Rainbow.jpg and Gray256b.jpg are the "torture chamber" graphics...for equipment and operators. Between them, they will test your graphics system color accuracy as well as possibly your patience.
The original intent was to provide two perfect test patterns and then samples of how they would look on different systems. I couldn't do it. It's just too crazy. I'm just preparing the two patterns and writing descriptions of generally what happens to them on different systems.
Not enough colors
Until relatively recently, all the colors of the rainbow (17 million of them) was a painful and expensive thing to achieve on your computer. Most computers make do with less than that. The variations are:
Different systems cope with restricted colors differently. MS Windows simulates all the colors of the rainbow by "dithering" whatever is available. A looking-through-a-screen-door "Bayer" dither will be recognized immediately by anyone doing graphics with a 16 or 256 color restriction on a small screen in Windows. If you throw enough pure red and blue dots on the screen in an alternating pattern and then step back from the monitor far enough, you see purple. It's the best compromise.

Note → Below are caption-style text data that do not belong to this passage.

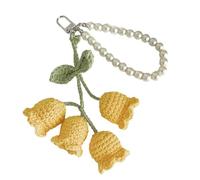 Psdndeww Appariscente Uncinetto Fiore Chiavi Fatto A Mano A Maglia Sacchetto Di Fiori Pendente Perline Charm Gioielli Per Chiavi E Zaini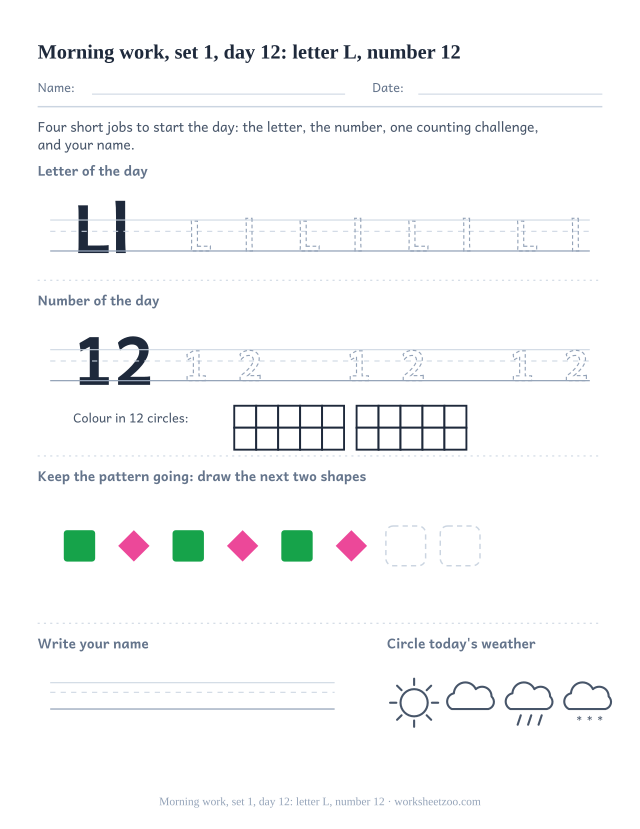 Kindergarten morning work page for day 12 of set 1 with letter L tracing, number 12 ten frame, a pattern task, name writing and weather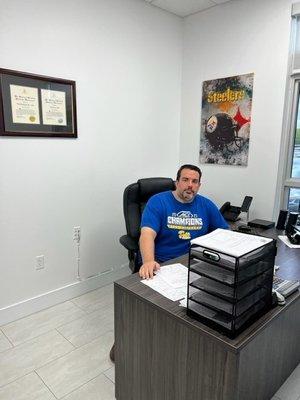 Andy at his office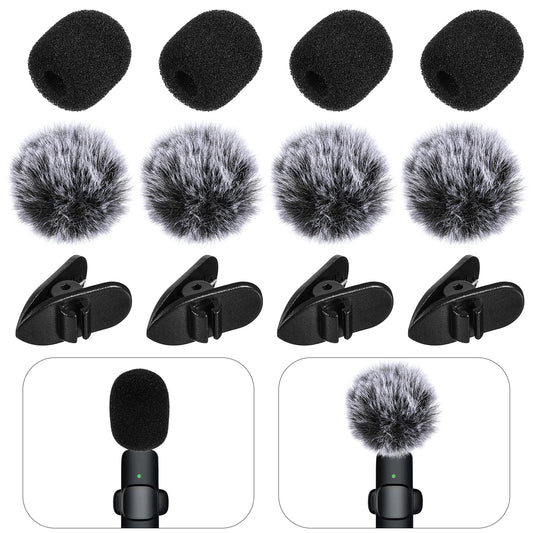 Wanmu Mini Wireless Furry Windscreen & Foam Cover Set for Lavalier Microphone, 12 Pcs Washable Microphone Windscreen Windproof Microphone Covers with Clips Foam Mini Mic Cover to Reduce Wind Noise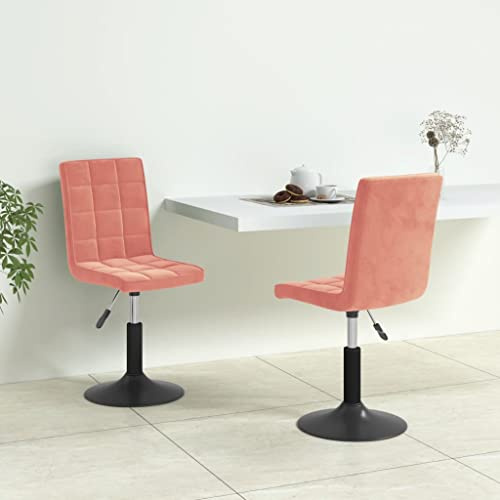 Generico Sillas de comedor giratorias, 2 unidades, color rosa, de terciopelo, para cocina y comedor, 335746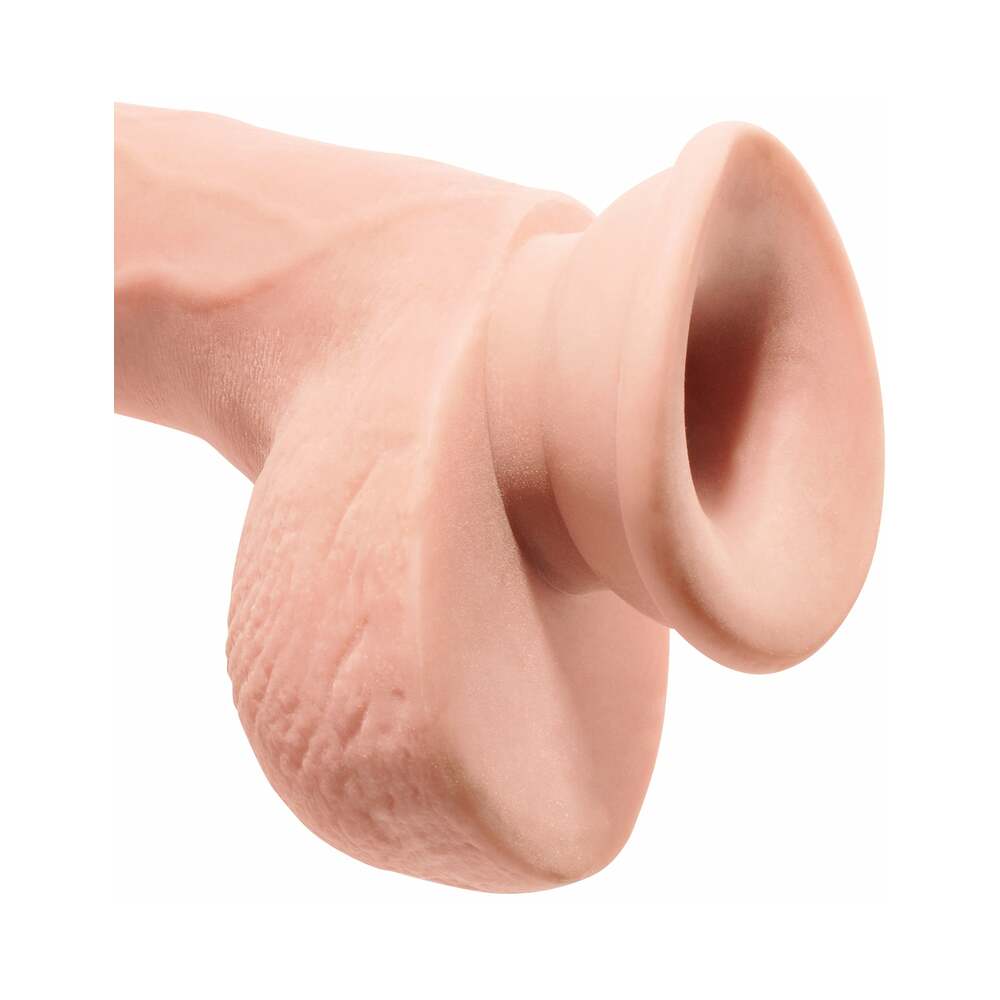 King Cock Plus 9in TriplDens Balls Beige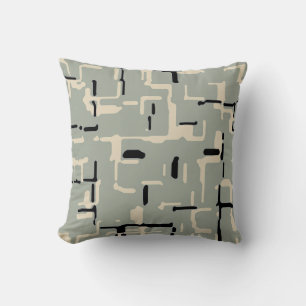 Aquamarine Schwarz Beige Moderne Kissen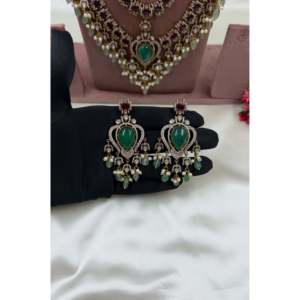 Indian Ethnic Artificial <b>Jewellery</b> Anupriya Victorian Premium Comb <b>Set</b> <b>Gold</b> Plated Bridal Luxury Earring <b>Set</b> - Product Image 5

Other systems are not so talented. I know of a very old color system that looks at the graphic and picks the 16 most popular colors. It then takes all the rest of the colors and converts them into whichever of the 16 is closest. The "slash and smash" method. This gives you three people's faces with one single fleshtone. If the faces weren't very large, you might not even get that! This particular machine is now used for bookkeeping.
There can be unusual restrictions in your color system. There are some web browsers out there that will download and save complex graphics in full color, but will only display them in 256 colors. To get the best results, you have to display the saved graphic using a program outside of the browser.
Then, there's human error. When I started this project, I noticed that the gray pattern looked far worse than I thought it should. I went into Windows setup and discovered my display system was running 32K HiColor instead of 17 million Truecolor. Go figure.
The patterns
Both graphics were created in Photoshop 3 for Windows on a system with 17 million colors the whole way. Both patterns were saved as gracefully compressed JPEG files with the "lossy", as much as possible, turned off.
Gray256b.jpg is exactly 256 pixels wide and has 256 linear levels of gray. You can tell which gray you're on by which pixel you're viewing. (remember, the count goes from zero to 255) It's 100 pixels tall. There is no top-to-bottom shading.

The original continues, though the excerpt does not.